**Exercise description:** Repeat the listing exactly. Do not carry over any pictures.

**Input data:**
---

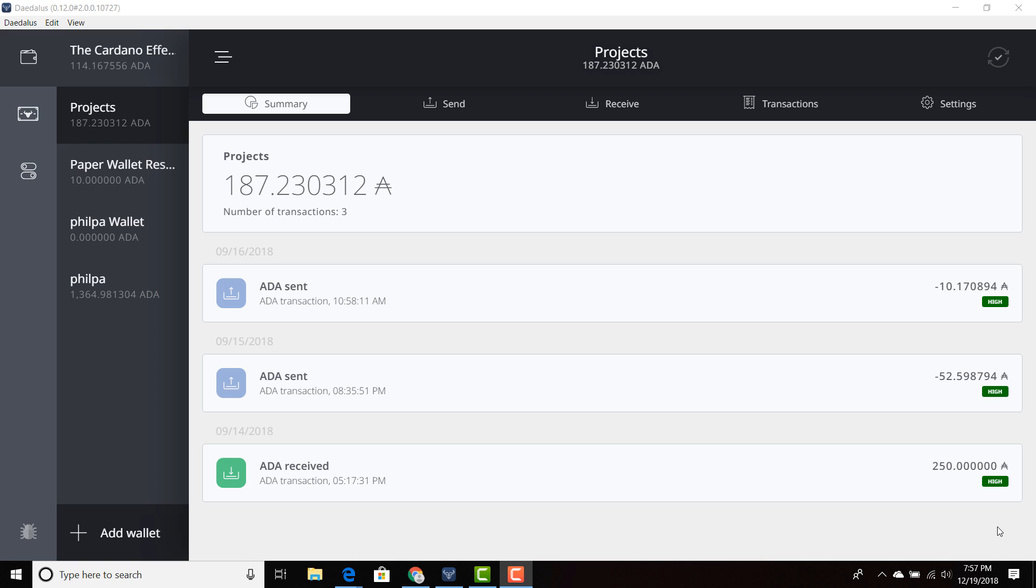Each block gets created every 20 seconds within the Cardano blockchain. So if your computer time that you're running the Daedalus wallet on is slightly off, like greater than or less than 15 or 20 seconds, then it's not going to sync correctly.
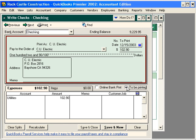If you've already manually written this check and you just want to enter it into QuickBooks, simply click on one of these choices — save and new or save and close. And that's writing checks.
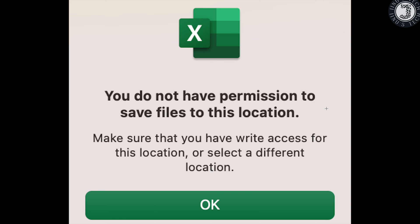Even if you select a different location, it won't save the file. I will show you how to resolve this issue.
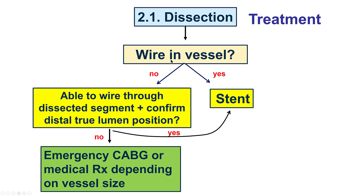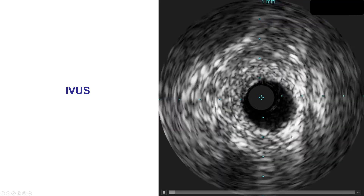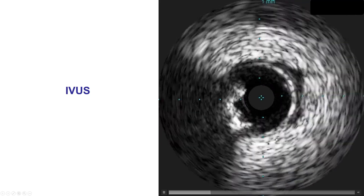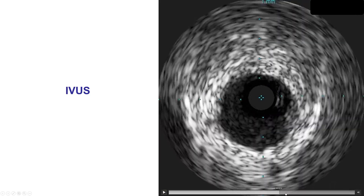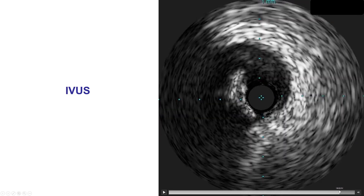The next step depends on whether we have wire in the vessel. In this case, we only had partial wiring. If not, the solution is to advance a wire through the dissection, confirm that the wire goes into the distal true lumen, and then place stents. If it doesn't work, then emergency surgery can be an option. Interestingly enough, after the dissection happened, it was very easy to advance the guide wire distally. But intravascular ultrasound demonstrated that we were in the subintimal position. We can see that the true lumen is compressed at the side of the vessel and the IVUS catheter is in the subintimal position. When we go more proximal, that's where the wire is actually within the true lumen.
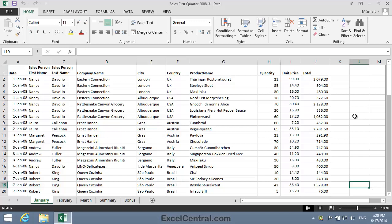For this lesson you need to open the sample file Sales First Quarter 2008-3 from your Sample Files folder. You'll often want to summarize information from multiple worksheets within a workbook.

---

**Result:**
Each block gets created every 20 seconds within the Cardano blockchain. So if your computer time that you're running the Daedalus wallet on is slightly off, like greater than or less than 15 or 20 seconds, then it's not going to sync correctly.
If you've already manually written this check and you just want to enter it into QuickBooks, simply click on one of these choices — save and new or save and close. And that's writing checks.
Even if you select a different location, it won't save the file. I will show you how to resolve this issue.
The next step depends on whether we have wire in the vessel. In this case, we only had partial wiring. If not, the solution is to advance a wire through the dissection, confirm that the wire goes into the distal true lumen, and then place stents. If it doesn't work, then emergency surgery can be an option. Interestingly enough, after the dissection happened, it was very easy to advance the guide wire distally. But intravascular ultrasound demonstrated that we were in the subintimal position. We can see that the true lumen is compressed at the side of the vessel and the IVUS catheter is in the subintimal position. When we go more proximal, that's where the wire is actually within the true lumen.
For this lesson you need to open the sample file Sales First Quarter 2008-3 from your Sample Files folder. You'll often want to summarize information from multiple worksheets within a workbook.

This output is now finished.